> What to do
Set the listing down exactly; no pictures.

> Recorded data

»»

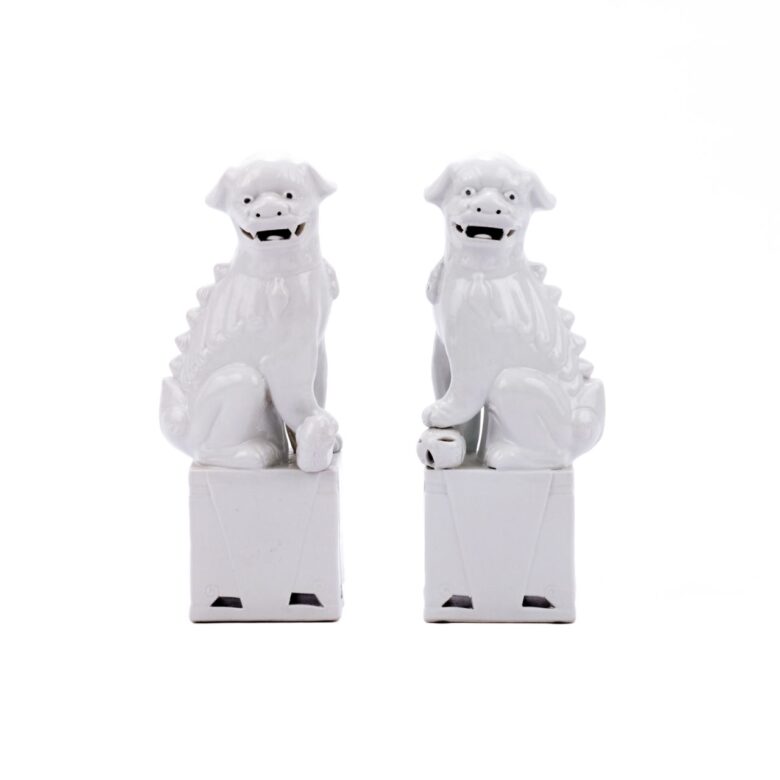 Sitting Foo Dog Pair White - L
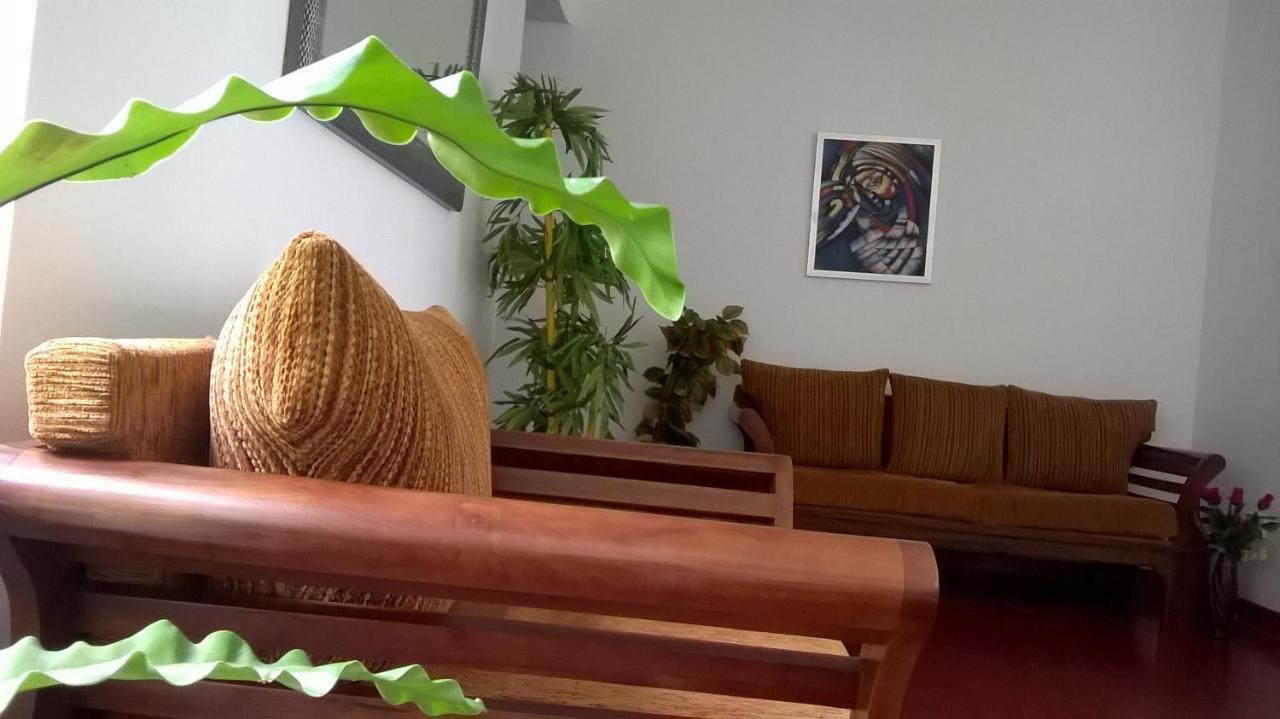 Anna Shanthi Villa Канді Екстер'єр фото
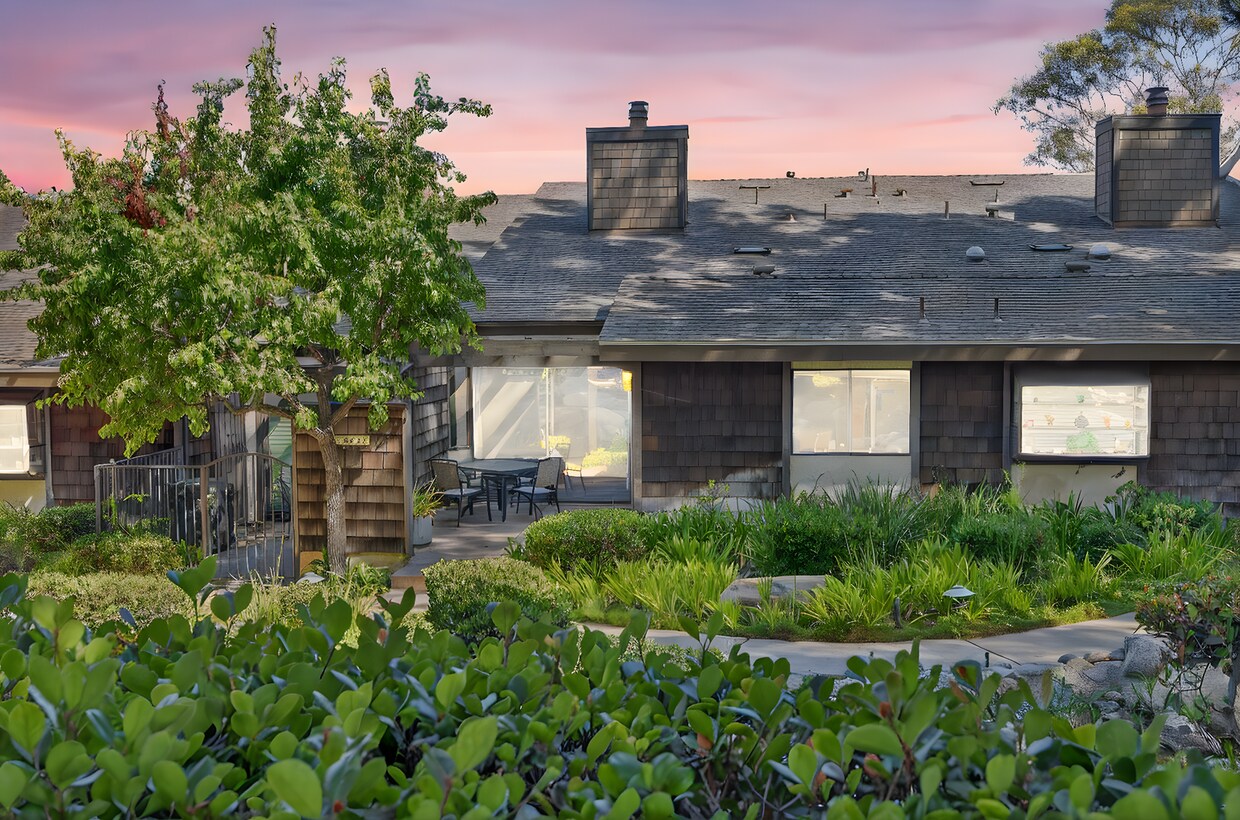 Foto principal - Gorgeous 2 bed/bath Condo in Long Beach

««

> Answer space
 Sitting Foo Dog Pair White - L
 Anna Shanthi Villa Канді Екстер'єр фото
 Foto principal - Gorgeous 2 bed/bath Condo in Long Beach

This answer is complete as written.